公孙绿萼微微蹙眉,更是困惑:“喜欢美好的东西,乃人之天性,难道……这也有错吗?”

    岳不群哈哈一笑,洒脱淡然:“无对,亦无错。你在分辨对错之时,便已是着了相。什么是对?什么又是错?

    对与错,难道不是世人自己定义出来的吗?

    对与错,本身就是你对外界的一种偏见和认知。

    你若活在对错里,就说明你依然活在别人的目光里,你从未真正为自己而活过。”

    他顿了顿,语气渐深,带着几分悟道之意,缓缓道:

    “天下无心外之物。你若聋,便不闻声;你若盲,便不见色;你若无心,便不生情。

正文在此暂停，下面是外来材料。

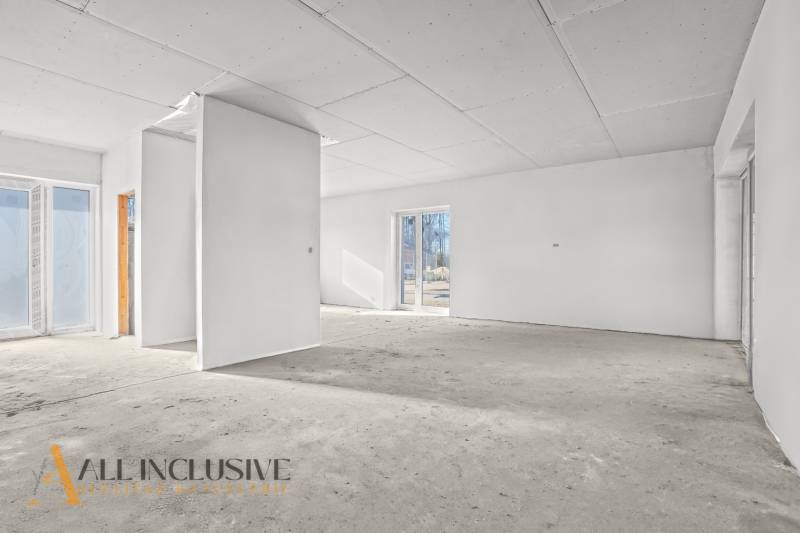 An empty interior in a family house with white walls and large windows.
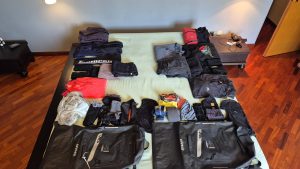 Vestiti tecnici e invernali organizzati sul letto accanto alle borse SHAD per il viaggio verso il Nord Europa.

    你未看此花时,此花与汝心同归于寂;你来看此花时,则此花颜色一时明白起来。

    由此便知,这世间万物,皆不在你心外。”

    这一席话落下,如同惊雷,在公孙绿萼心中轰然炸开。

    仿佛有一道天光,破开了长久以来的迷雾,照进她心底最深处。

    那些曾经让她辗转难眠的不安、患得患失的纠结、害怕失去的恐惧,在这一刻,渐渐沉淀,渐渐清明。

    她望着岳不群,眼中从迷茫,到恍然,再到澄澈。

    原来,世间万般情绪,皆由心生。

    原来,她所执着的怕与爱,本就是心之所现。

    这一刻,她似懂非懂,却已然,踏上了一条全新的路。

    岳不群望着怀中女子眼底渐渐澄明的光,心中亦是微动。

    他这一生,无论是华山掌门,还是后来意外踏入修仙一途,见多了虚伪算计、尔虞我诈,却极少有人如公孙绿萼一般,干净、纯粹、通透,一点就透。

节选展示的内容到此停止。